ふと思い立って、私はSNSを開いた。エリナのアカウントは非公開だったが、エリナの母親のアカウントは公開されていた。そこには信じられない投稿があった。
「誕生♡みんなで立ち合えて感動でした。いろはちゃん、3200gの元気な女の子。娘夫婦を家族みんなでサポートできて幸せです。」
写真には、病室で赤ちゃんを囲むエリナの家族全員の笑顔。まるでこれが本当の家族だと言わんばかりに。
私は震える手で、これまでの通帳を取り出した。息子夫婦への援助の記録が、全て残っていた。
結婚資金として300万円。その時、息子は満面の笑みで言った。「母さんのおかげで式が挙げられるよ」と。マイホームの頭金500万円。エリナも一緒に頭を下げて、「お母さん、本当にありがとうございます」と涙を流していた。そして毎月5万円の生活援助。もう7年間、1度も欠かさず振り込んできた。計算すると420万円。合計1220万円。
私たち夫婦の老後資金を削って、息子夫婦の幸せを願って送り続けたお金。これだけ支えてきたのに、だった。

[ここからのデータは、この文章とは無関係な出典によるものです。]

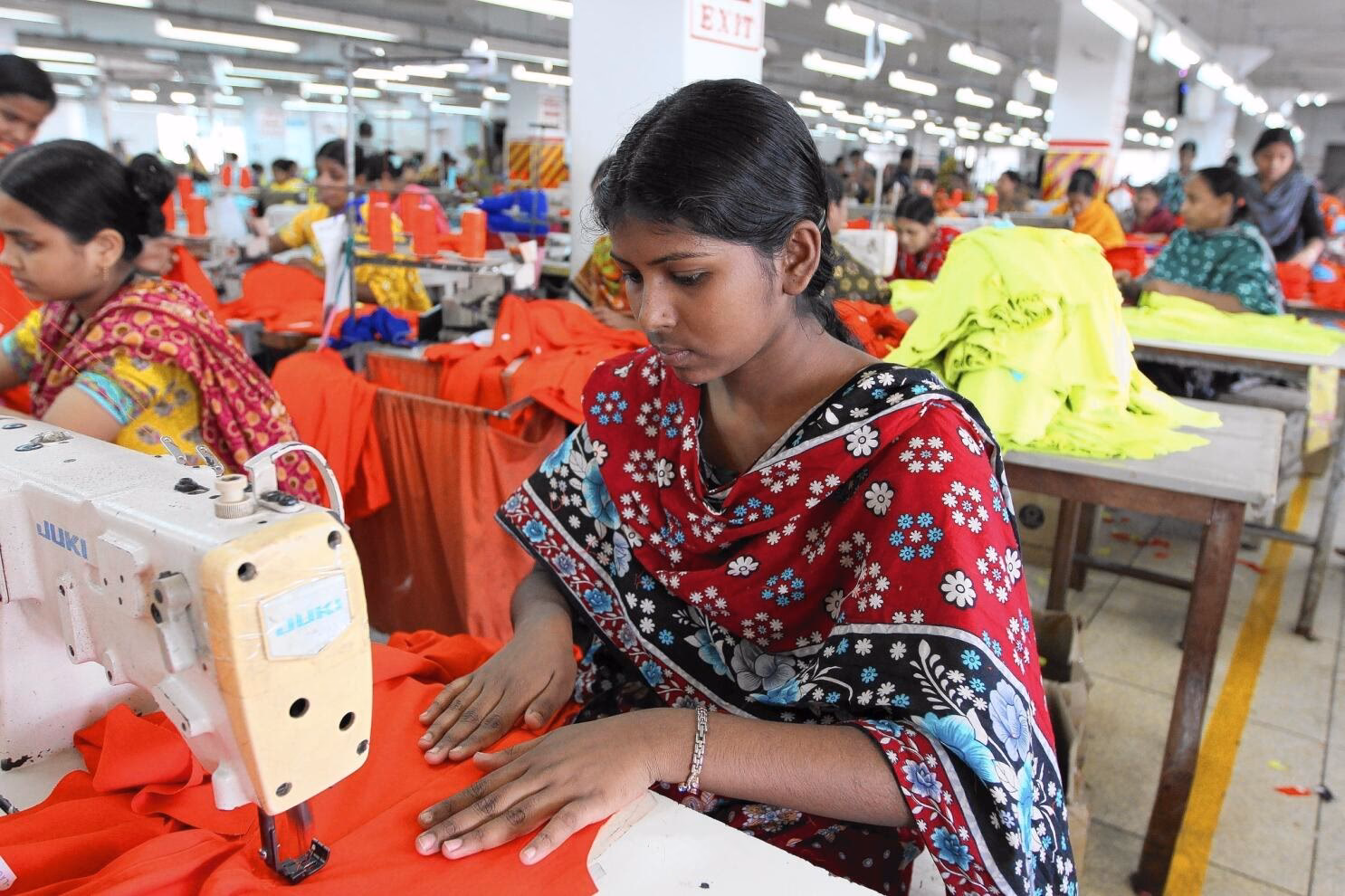 What is Bangladesh's Labour share?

涙がこぼれそうになった時、電話が鳴った。信吾からだった。
「母さん、さっきの電話の続きなんだけど。」
「なんでそんな冷たい声なの?」
「初孫の誕生を3日間も知らせないで。冷たいのはどっちかしら?」
「だから言ったじゃん。バタバタしてたんだって。」
電話の向こうで、エリナの声が聞こえた。
「信吾、誰と電話してるの?」
「母さんだよ。」
「ああ、お母さんね。お祝い金の話はした?今してるところ。」
そして、はっきり聞こえた。
「お母さんには後でいいわよ。どうせお金だけ出してくれればいいんだから。」
私の手が震えた。お金だけ。私たちはお金を出すだけの存在。
「エリナ、声が聞こえてるわよ。」
信吾の慌てた声がしたが、もう遅かった。
「もういいわ。私は電話を切った。」
すぐにLINEが来た。
「母さん、誤解だよ。」
「エリナも悪気はなかったんだ。」
誤解?悪気がない?あの言葉のどこに誤解の余地がある?
続けてメッセージが来た。
「それより、お祝い金の件よろしく。相場を調べたら30万円だった。エリナの実家は100万円包んでくれたよ。」
100万円。そして私たちには30万円の要求。しかも「それより」という言葉。謝罪よりもお金の話が優先。
夫が私の肩に手を置いた。
「かずえ、信吾たちは変わってしまったんだ。」
私は過去を思い出していた。3年前、信吾が結婚する時に言った言葉。
「いつか子供が生まれたら、母さんが最初に孫を抱いてよ。だって母さんは命の専門家だから。きっと上手に抱っこしてくれるでしょう?」
エリナも言っていた。「お母さんは助産師さんだから心強いです。色々教えてくださいね。」
全部嘘だったのか?いや、最初は本当だったのかもしれない。でも、お金を受け取ることが当たり前になって、感謝の気持ちが薄れていったのだろう。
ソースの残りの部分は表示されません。